Happiness and feeling content in a relationship are two very important factors, without either of these, a partner can be left feeling hopeless and trapped. You have to have a heart to heart with yourself and figure out what is best for you. Set aside your worries about anyone else but yourself, this is a time to be selfish. Worry about what will make you happy. Don't let regret get to you later. Life is too short to stay in a failing relationship. If he is abusive, physically or emotionally, you should have left already and need to do so immediately. You need to decide, that after 20 years, if you can move on and let him go. If you cannot, stay, if you can, go. No one can really tell you exactly what to do. Relationships can only be defined by the people involved. Hope you find happiness, everyone deserves that. After 20 years, you owe it to yourself.
#10 by Clarabelle, Apr 8, 2008
DEAR WHOEVER this is, i want to break up with my boyfriend but i do not know what to say to him.we don't even talk to eachother anymore.and i miss him sooooo much,but i gotta do what i gotta do.


sincerely Clarabelle



#11 by Confused, Apr 9, 2008
I am a sophmore in college. i met my boyfriend the second month of my freshman year. i was so attracted to him when we first met and always cared for whatever he was feeling, doing or saying. Its been a year and 6 months and right now i dont feel that were in the same place in our lives. i have two more years of college and 2 years of my masters, my bf is graduating and starting a real job. we decided to stay together until the end of the semester but im finding it really hard to do so. I get irritated at small things he does, im very cranky to him, i find that when im with my friends im myself, but with him i cant be myself anymore. I care for him soooo much and i dont want to hurt him but i feel like i cant be myself with him anymore. I dont know if its just me refusing to try an longer or if our relationship has gone sour. he has admited to me that it gets harder and harder for him to love me becuase of my irritability but that he will always love me no matter what. he is seriously the perfect guy and he hasnt done anything wrong, i just feel that i have changed. What can i do or say to tell him its over? and to convince myself that i really need to be my old self again? please help!
#12 by Gerlaine, Apr 13, 2008
Dear Clarabelle,

You weren't very clear, so I do not know how to respond. If you miss him, then you must be apart. It is easy to want to leave a relationship if you don't see a person very often. If you are not talking anymore and this is suppose to be a relationship, then there is something missing in this relationship anyway. No communication and no touch sensation equals over without words.

There is an "unless" here. Unless he is in the army. He is off in college. He is out of town because of a job. And things of that nature. But if you don't want him anymore no matter what, telling him is best.

Be kind. God bless.
#13 by Gerlaine, Apr 13, 2008
Dear Confused,

If the relationship is going to be over at the end of the semester, then it is no wonder you feel this anxiety. No one gets in a relationship for it to end. When you know the end is near, your very soul feels uncomfortable. It's just not natural for relationships to end. Even though it does happen.

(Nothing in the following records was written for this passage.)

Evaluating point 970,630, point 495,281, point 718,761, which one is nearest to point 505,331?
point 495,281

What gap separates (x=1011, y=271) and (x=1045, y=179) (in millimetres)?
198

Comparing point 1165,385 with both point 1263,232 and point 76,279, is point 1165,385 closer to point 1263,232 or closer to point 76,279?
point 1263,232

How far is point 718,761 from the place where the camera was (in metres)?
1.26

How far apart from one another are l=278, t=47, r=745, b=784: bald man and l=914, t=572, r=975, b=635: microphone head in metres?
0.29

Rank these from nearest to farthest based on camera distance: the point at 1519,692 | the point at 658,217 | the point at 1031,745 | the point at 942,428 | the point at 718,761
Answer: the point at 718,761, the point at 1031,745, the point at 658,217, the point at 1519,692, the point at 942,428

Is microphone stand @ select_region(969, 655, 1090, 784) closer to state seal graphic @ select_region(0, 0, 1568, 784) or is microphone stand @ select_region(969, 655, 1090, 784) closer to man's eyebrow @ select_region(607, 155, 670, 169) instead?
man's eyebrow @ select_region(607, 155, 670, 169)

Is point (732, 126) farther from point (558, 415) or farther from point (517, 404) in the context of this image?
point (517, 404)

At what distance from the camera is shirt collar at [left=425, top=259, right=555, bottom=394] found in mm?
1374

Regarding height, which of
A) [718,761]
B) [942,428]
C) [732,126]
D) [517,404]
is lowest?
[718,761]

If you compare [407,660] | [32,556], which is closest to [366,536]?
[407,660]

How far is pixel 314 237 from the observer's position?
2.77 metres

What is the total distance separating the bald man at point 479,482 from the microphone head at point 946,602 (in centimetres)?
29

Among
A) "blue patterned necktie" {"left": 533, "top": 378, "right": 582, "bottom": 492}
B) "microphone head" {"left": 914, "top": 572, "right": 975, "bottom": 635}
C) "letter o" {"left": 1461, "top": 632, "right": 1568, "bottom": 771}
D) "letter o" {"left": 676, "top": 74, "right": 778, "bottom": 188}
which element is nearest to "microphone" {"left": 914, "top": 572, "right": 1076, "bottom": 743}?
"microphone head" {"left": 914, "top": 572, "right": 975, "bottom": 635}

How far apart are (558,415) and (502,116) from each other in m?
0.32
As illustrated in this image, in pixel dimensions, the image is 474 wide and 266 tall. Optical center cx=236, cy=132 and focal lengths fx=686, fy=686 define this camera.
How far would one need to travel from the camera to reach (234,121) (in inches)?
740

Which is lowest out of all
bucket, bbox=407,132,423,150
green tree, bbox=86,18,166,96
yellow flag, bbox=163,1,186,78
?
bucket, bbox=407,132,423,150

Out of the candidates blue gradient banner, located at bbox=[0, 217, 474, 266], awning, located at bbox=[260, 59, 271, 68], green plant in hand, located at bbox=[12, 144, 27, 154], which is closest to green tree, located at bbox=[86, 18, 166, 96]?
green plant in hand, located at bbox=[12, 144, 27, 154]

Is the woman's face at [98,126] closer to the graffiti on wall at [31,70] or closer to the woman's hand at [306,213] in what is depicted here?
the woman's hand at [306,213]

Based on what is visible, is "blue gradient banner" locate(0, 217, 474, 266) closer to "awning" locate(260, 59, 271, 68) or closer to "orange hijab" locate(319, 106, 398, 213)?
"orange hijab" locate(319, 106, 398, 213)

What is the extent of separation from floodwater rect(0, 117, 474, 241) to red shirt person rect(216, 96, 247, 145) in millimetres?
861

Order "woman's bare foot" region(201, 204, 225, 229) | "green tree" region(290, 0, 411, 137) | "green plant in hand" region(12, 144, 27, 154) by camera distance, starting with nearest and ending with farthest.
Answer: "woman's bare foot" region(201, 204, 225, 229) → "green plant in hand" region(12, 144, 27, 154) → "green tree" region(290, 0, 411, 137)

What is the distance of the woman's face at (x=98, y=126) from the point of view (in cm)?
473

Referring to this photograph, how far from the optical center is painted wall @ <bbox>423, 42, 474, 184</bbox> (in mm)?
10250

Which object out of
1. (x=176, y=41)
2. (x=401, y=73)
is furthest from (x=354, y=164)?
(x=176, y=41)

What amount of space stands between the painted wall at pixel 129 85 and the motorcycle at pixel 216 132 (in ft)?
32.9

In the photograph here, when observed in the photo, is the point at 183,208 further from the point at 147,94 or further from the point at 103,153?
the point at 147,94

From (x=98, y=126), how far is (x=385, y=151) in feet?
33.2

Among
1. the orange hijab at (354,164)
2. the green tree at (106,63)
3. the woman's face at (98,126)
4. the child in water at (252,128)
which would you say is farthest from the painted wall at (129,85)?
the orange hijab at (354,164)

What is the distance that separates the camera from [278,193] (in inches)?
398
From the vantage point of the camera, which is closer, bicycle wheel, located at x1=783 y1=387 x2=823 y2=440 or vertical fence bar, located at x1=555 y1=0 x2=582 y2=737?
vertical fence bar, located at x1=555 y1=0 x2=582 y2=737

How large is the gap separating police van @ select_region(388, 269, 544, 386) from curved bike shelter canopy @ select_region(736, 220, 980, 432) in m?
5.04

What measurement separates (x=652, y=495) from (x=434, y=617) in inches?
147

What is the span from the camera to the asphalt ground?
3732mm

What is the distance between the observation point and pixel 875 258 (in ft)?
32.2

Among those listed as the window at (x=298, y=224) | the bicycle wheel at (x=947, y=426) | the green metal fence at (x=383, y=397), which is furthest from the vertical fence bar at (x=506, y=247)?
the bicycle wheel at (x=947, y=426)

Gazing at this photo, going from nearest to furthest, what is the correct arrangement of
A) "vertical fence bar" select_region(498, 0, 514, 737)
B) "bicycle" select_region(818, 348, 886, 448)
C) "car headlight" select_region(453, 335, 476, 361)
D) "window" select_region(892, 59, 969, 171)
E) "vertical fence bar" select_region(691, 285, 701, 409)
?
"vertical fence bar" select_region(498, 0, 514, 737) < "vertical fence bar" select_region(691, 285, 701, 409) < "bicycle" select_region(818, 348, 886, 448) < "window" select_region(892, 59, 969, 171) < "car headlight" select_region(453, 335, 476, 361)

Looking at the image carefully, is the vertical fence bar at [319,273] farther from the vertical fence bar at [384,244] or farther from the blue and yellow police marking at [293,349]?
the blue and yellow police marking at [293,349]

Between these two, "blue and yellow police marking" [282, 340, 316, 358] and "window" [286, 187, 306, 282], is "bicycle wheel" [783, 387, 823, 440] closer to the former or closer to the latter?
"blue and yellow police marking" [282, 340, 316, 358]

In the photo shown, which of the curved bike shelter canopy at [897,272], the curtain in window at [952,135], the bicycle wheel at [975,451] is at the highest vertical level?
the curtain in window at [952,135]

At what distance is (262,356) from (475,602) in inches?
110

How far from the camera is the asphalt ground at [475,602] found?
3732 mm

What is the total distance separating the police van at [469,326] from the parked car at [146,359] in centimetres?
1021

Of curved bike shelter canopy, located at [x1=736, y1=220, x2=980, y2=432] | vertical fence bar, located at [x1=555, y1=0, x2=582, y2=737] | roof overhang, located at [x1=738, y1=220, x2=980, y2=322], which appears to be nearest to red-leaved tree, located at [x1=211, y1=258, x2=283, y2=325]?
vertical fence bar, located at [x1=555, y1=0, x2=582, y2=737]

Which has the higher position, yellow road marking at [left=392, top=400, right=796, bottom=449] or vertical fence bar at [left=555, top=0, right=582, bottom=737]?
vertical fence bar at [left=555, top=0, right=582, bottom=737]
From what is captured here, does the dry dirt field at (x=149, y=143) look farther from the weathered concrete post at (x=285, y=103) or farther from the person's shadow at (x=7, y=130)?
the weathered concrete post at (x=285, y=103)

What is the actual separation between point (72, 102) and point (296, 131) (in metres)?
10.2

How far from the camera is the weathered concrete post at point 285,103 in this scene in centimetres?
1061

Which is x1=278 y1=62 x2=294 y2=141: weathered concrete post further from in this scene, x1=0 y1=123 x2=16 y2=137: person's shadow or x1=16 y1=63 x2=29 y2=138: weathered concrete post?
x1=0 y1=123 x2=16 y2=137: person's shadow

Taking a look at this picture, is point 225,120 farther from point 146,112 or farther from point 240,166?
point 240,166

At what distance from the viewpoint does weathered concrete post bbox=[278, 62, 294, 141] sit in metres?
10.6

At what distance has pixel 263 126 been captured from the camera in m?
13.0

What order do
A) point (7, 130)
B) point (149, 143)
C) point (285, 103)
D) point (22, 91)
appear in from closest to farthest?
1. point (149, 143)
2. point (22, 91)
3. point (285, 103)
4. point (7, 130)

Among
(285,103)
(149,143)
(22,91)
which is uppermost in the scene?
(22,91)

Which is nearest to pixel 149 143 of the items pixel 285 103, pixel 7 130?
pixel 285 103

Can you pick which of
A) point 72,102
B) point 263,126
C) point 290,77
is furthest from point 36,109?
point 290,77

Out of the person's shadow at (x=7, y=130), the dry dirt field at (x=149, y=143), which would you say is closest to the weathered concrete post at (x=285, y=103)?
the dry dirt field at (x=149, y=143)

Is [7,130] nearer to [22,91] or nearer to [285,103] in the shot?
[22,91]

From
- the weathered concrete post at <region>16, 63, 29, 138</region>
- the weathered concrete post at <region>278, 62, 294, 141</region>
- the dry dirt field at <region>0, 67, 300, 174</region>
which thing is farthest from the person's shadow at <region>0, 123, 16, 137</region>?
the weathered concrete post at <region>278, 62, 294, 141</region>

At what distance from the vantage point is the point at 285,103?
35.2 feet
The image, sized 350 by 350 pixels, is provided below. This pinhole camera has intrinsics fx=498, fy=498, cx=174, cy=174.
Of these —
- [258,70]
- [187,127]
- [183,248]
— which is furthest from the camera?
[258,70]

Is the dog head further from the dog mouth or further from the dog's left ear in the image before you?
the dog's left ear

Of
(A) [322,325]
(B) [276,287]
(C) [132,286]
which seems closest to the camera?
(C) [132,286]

You have choices. Be friends now, and cut off being lovers. No matter how hard it may be. Waiting until later may just prolong your agony. Enjoy him until the end of the semester. Or plan to be with him beyond the end of the semester. You may want to talk to him about this.

If you are not breaking up, then you may still be feeling anxiety, because you feel like once he gets a "real job" then he will leave you far behind. You still need to talk to him about this. Find out if all of what you are feeling is real or imagined. As women, lots of time we perceive situations to be one way and our men have no idea what we are thinking. So, talk girl, talk. Communicate. Communicate.

Yes, you have changed. As a woman, you will continue to change. You will change over the years a hundred times. But that doesn't mean that you have to be disagreeable. When you understand this anxiety, then you can make wiser choices. The choice is yours.
#14 by JIN, May 31, 2008
nice advice!
抄到我的作业里了o(∩_∩)o...哈哈
#15 by Coleen, Jun 4, 2008
k heres the problem...i do love my boyfriend but when he isn't around i want him around but when he is around i don't want him around. so yeah none of this info helps me at all!!!!! so get a dang clue!
#16 by Gerlaine, Jun 10, 2008
Coleen,

This article may not be for you. Maybe I should write an article just for you. I will call it... The Lover Coaster. I think that it will be perfect for your situation.
#17 by Mike Paahana, Jun 22, 2008
i never break it off i just wait till they do u might as well ride them 4 all u can till they like stop
#18 by sarah , Jul 9, 2008
So I broke up with my boyfreind of 10months cuz i was at uni and gettin attention so i wanted to be single. And then this guy that i work with starts showin interest and we r mates so i jus go along with it and then i find out he is a reali nice guy. (I have never done personality over looks before) and so we get together like seeing each other and then we officially bf gf a couple of months later. And at first things were reali great and everything was going okay. And then i came home for spring break and I see my ex which i was still talking to cuz hes an absolute sweetheart. and i end up kissing him one nite. not a full on kiss jus a kiss on the lips. And as luck would have it my current bf finds out! off course he says he cant trust me blah blah but then i convince him that we can work n it was jus a gliche.

So then everythin is all okay while im still at Uni but then i come home for the summer and i see my boyfriend for like a week straight and im feeling reali suffocated! He stated round for a couple of nights and then says yea i gotta go home and see the parents do you want me to come back tommorrow night? and im thinkin geez i jus need some space you know? see my mates etc etc. So he goes home but hes txting me like every single day. every hour

And then i go out with my mates one saturday night. And theres no cell signal in the club so when i come out ive got like 20texts form him sayin he feels insecure and he doesnt no what im doing blah blah and doesnt trust my ex. and then he phones me one night while im reali drunk n starts questioning me like where have you been do u still want to be with me whats the point? and he like crying while sayin all of this. and because im drunk im just like well yea ill call u 2moz.

But i didnt call him he txt me loads the next day. and by now ive talked a lot to my ex and we said we should go for a drink sumtime like reali harmless u no. And then im thinkin about my ex loads and he tells me hes goig on a date and i suddenly find myself feeling a lil bit jealous and looking this girl up on facebook and finding everythin about her! pathetic right but i dunno why i did it!.

So then my current bf starts calling me and i refuse to pick up cuz im not reali good with words when im wound up and its about relationships. Anyway i tell my bf that i feel suffocated and i dont wanna see him this week and that i know he doesnt trust me becasue of my ex and im gettin reali annoyed.! On the other part the whole personality before looks. im not reali sure i can sleep with him anymore i dunno what it is. i see him in pictures and im not reali proud that hes my bf ya no. i mean hes a reali nice guy and everything. oh and his mums loves me which reali freaks me out! anyway yea i refuse to talk to him after that cuz like i reali need a chill session.

In the mean time im talking to my ex loads and havin a little flirt as you do. and im thinking to myself you no it would be reali nice to kiss him jus once. and i no this shouldnt be going round in my head.

i have no idea what to do. My ex is very special to me cuz he was the 1st person i slept with and I was to him so we will always have that sorta connection. But i reali like the guy im going out with now. n i love him but i think its kind of a friendship love ya no. He hasnt got a bad bone in his body and i dont wanna upset him and when we go out we have a right laugh.

Im just reali confused! please help!